What you will do:
Please write out the full listing beneath this line exactly, skipping its images.

Data:
▼
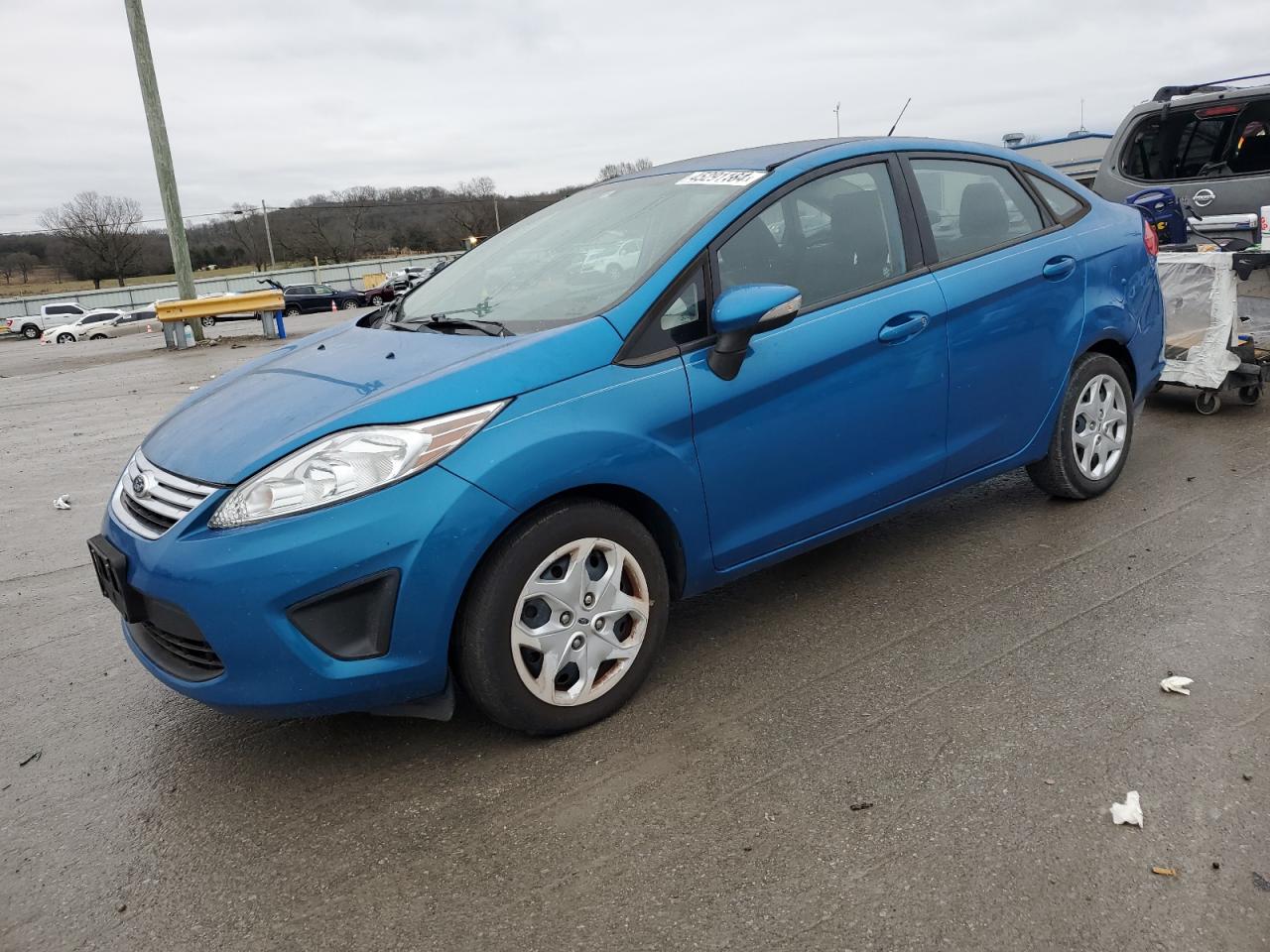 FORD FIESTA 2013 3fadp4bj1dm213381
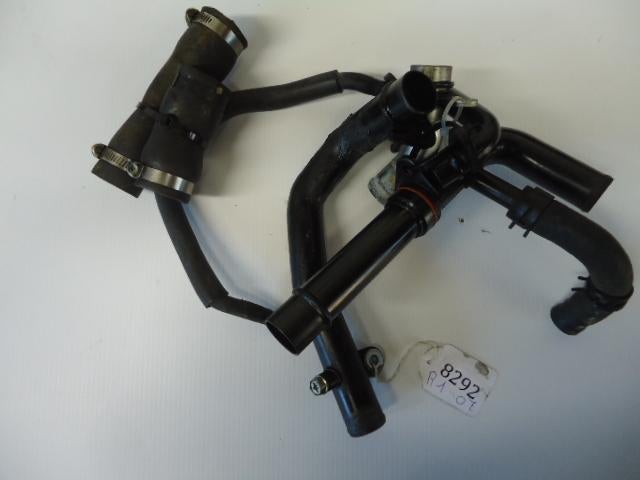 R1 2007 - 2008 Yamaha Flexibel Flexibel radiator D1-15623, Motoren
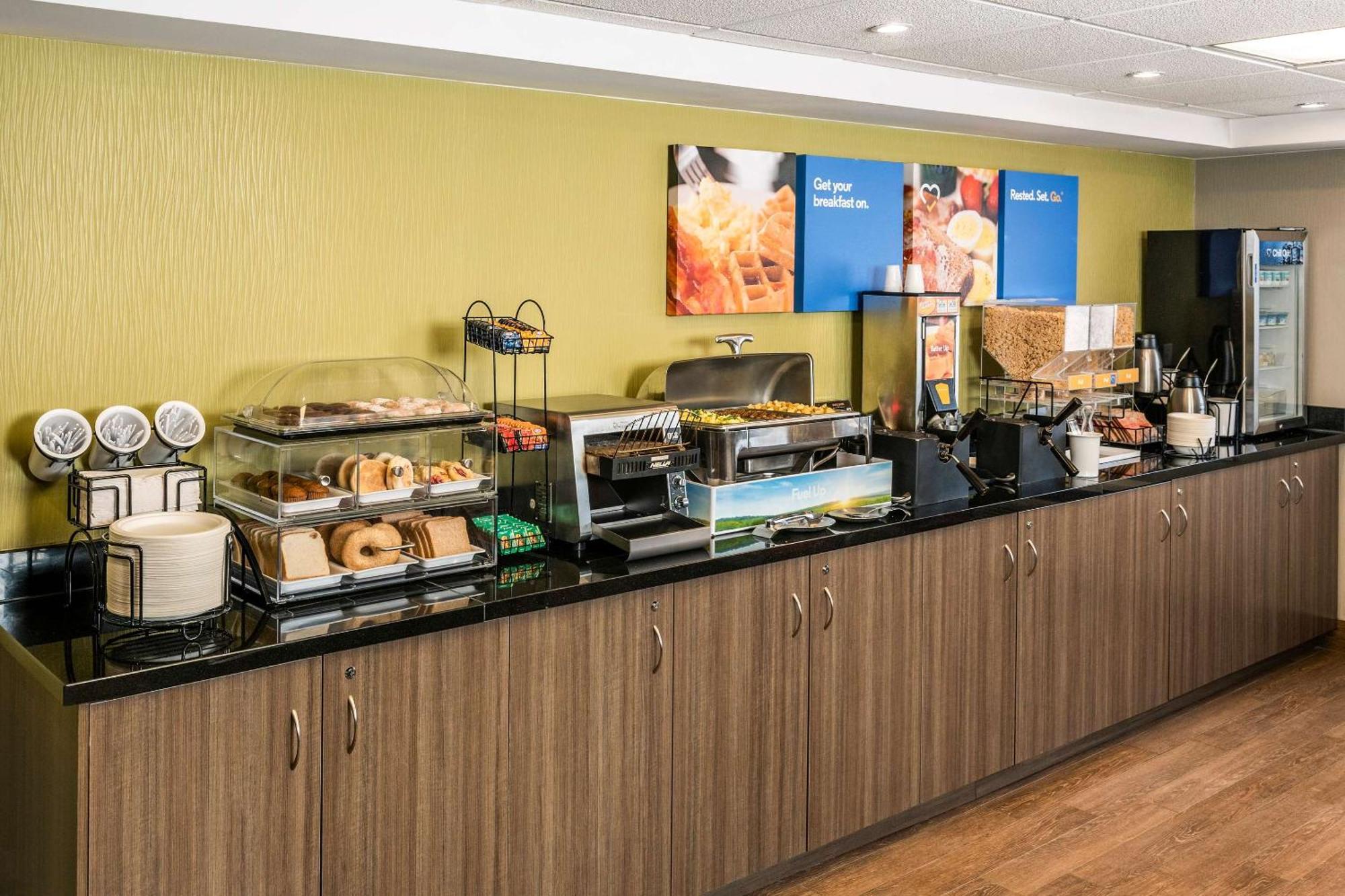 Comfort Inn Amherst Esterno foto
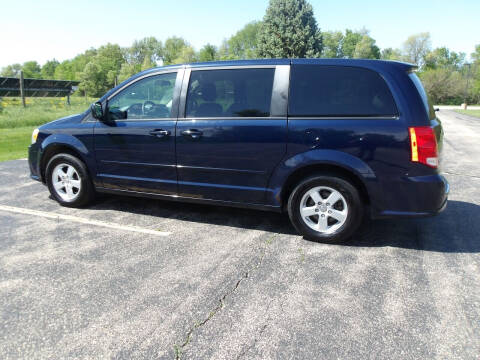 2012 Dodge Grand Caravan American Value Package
▲
Expected answer:
 FORD FIESTA 2013 3fadp4bj1dm213381
 R1 2007 - 2008 Yamaha Flexibel Flexibel radiator D1-15623, Motoren
 Comfort Inn Amherst Esterno foto
 2012 Dodge Grand Caravan American Value Package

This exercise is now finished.